At the beginning of App, the viewer is told to download an app onto their phone or tablet by texting the word “IRIS” to 97-000 (the app can also be found by searching for IRIS in Android and iPhone App Stores). Once installed, the Iris App will use the device’s microphone to sync itself up with the movie, and the fun begins.
App is about a young college student named Anna (Hannah Hoekstra) who goes to a party and drinks way too much. When she wakes up the next morning, there’s a mysterious app on her phone called, you guessed it, Iris. Similar to the iPhone’s Siri, Iris is a voice activated personal assistant type of program. At first, Anna finds the app useful, but eventually she notices that the app seems to have a mind of its own. As the app gets more and more invasive, Anna finds that Iris can’t be deleted from her phone, and even replacing the phone doesn’t get rid of the app. It’s like Iris is Anna’s virtual stalker.
The film itself is average at best, a well-made thriller without any real shock or awe. The second screen experience is what makes App fun. During the course of the movie, the viewer’s phone will vibrate to alert them that there is something going on there. The second screen content varies; sometimes it will be simply an alternate angle of what’s going on in the movie, other times it will be a text message conversation between two characters – it’s generally little things like that. The movie is perfectly coherent and watchable without the second screen, but the supplemental content adds a cool dimension to an otherwise mediocre movie.

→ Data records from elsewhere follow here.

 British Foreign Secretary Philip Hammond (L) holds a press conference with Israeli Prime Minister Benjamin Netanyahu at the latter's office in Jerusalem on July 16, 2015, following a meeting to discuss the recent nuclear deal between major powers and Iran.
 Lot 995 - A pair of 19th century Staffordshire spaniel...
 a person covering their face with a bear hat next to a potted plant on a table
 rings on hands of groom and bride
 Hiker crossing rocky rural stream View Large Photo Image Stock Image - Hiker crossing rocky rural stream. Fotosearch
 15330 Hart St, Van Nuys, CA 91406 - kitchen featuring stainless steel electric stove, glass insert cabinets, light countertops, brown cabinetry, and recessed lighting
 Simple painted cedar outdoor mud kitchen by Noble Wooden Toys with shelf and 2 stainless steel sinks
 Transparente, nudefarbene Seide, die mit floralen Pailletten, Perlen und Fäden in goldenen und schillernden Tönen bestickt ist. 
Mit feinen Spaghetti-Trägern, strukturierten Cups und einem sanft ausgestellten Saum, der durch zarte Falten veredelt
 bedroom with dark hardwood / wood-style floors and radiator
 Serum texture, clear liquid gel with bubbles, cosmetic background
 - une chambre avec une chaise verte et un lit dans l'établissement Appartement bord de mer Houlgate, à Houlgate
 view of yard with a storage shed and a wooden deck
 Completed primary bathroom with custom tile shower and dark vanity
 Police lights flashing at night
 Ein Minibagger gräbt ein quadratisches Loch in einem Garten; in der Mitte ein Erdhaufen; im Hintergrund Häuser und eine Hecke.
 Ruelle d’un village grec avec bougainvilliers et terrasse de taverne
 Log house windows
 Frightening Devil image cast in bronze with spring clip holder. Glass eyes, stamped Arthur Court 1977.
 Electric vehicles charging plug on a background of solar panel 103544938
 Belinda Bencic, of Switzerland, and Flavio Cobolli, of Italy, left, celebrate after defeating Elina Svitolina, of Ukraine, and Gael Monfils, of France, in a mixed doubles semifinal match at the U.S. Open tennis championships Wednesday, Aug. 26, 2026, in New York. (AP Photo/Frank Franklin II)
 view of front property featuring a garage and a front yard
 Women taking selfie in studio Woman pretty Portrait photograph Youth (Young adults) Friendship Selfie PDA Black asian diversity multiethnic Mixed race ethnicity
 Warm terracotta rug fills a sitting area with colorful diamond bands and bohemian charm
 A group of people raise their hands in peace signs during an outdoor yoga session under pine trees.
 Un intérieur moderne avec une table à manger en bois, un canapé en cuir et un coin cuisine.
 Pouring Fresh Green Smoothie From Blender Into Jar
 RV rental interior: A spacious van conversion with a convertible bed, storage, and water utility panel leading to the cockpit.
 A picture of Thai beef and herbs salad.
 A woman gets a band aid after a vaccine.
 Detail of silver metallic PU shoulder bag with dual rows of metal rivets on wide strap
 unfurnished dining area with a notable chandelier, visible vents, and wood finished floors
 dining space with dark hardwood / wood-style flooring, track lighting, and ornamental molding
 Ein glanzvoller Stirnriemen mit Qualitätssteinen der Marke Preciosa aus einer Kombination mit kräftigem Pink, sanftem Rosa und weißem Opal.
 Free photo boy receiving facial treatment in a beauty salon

With technology advancing faster than ever and filmmakers always searching for the next big thing, App is an intriguing idea. The second screen concept is clearly in its infancy, but App will be considered a highly influential film if it catches on. It definitely seems to lend itself better to VOD releases, as the constant glow of audience members’ cell phones in a theater while they check the extra content would be downright annoying. As of now, it’s limited to just being a William Castle-esque gimmick, but who knows? The potential for coolness is there. In the hands of the right director, second screen technology could be the wave of the future.
App is streaming now on Netflix.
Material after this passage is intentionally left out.